In 60s, Portland's city elites and developers laid waste to vast stretches of North Portland, Albina, the SW Italian neighborhood, and neighborhoods where Memorial Coliseum sits today.

In the 70s and 80s, the city's powerful paid lip service to a revitalization "vision" that included housing for the poor. But stated goals for low-income units were never met, as gentrification displaced countless poor and elderly from long-established, affordable housing pockets (in NW Portland, Hollywood, inner NE, etc.).

In the 90s, forced relocation of "undesirables" out of Old Town/China Town quickly became Rockwood's, Gresham's, and Washington County's problem.

The 2000s saw mass development of toney, expensive boutique regions, like the Pearl, Williams, and Mississippi, with little space for the working poor or those struggling with addiction, metal illness, and homelessness — other than walls of cheaply built, boxy buildings still out of reach for many.

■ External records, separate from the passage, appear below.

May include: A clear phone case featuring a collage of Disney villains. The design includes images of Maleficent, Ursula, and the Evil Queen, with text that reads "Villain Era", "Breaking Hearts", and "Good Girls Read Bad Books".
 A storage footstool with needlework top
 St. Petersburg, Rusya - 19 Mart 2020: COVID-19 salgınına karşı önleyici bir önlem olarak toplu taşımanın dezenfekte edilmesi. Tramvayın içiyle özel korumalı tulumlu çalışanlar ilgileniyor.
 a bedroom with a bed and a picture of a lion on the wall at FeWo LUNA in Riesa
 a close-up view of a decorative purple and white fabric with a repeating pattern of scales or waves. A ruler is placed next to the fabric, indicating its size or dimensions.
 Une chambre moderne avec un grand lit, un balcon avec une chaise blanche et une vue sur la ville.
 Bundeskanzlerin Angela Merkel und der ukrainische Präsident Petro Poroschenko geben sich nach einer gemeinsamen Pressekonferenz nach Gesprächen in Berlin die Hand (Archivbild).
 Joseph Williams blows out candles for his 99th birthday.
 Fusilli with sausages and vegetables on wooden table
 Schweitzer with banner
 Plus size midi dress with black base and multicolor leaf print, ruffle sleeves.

The city's acknowledgment of the needs of the least among us is chilling and historically myopic. And blame for much of the crime and destitution falls squarely on the plate of politicos like Potter, Hales, Adams, and Wheeler.

Sweeps and relocations exacerbate Portland's paroxysms of pain and dispair. Without organizations like Central City Concern, Transitions Projects, Street Roots, Sisters of the Road, CAP, and Multnomah County, Portland would be just another soulless, theme park wasteland.